Wow I actually spent the last two days thinking this thread was about opening analyses propounded by a community of rational adults for peer review. Instead it is about sloughterchess' love of Houdini 3. I appear to have become the spokesman for studying mastergames because I put a position in a free online database and noticed that there was a clear mainline that his computer ignored. At some point titled players took over for me, however sloughterchess won't listen; he will apperently only accept forced wins as evidence that his computer is wrong. Alas the internet is the internet and I post this as a warning:
DON'T FEED TROLLS
Are you claiming an advantage for White in the line 8. Bd3 Nd5 9. Nf3 Nf4 10. O-O Bd6 11. Re1 Nxd3? I would think that the bishop pair and white's doubled pawns would give Black compensation.
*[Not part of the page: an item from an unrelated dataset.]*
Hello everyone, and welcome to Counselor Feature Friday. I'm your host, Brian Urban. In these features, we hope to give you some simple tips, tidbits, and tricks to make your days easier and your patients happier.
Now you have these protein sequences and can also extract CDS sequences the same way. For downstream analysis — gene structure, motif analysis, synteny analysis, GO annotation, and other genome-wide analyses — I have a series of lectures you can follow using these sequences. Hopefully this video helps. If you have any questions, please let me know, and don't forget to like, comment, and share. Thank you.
White seems to be better with the exchange sacrifice 8. Bd3 Ng4 9. Ne4 f5 10. Be2 h5 11. h3 fxe4 12. hxg4 Bc5 13. b4 Qd4 14. bxc5 O-O 15. O-O Qxa1, which I would mark as the mainline of Ng4 line.
I have to say looking over a few master games in a database is probably a better way to do opening research then having two computers play each other.
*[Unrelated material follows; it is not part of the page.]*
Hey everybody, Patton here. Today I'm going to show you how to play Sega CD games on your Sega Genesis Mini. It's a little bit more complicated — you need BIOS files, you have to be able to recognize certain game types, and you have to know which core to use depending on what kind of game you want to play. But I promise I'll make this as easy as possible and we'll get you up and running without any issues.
Go w/ master,G.M. games....computers lead lower rated players into believing they can play chess.
This is the way to think of theory today---Masters are elementary school students. The World Champion is about a middle schooler and Houdini 3 is a high school student. While the elementary school student can occasionally come up with pearls of wisdom, I'm more inclined to believe the high school student's opinion in sharp positions.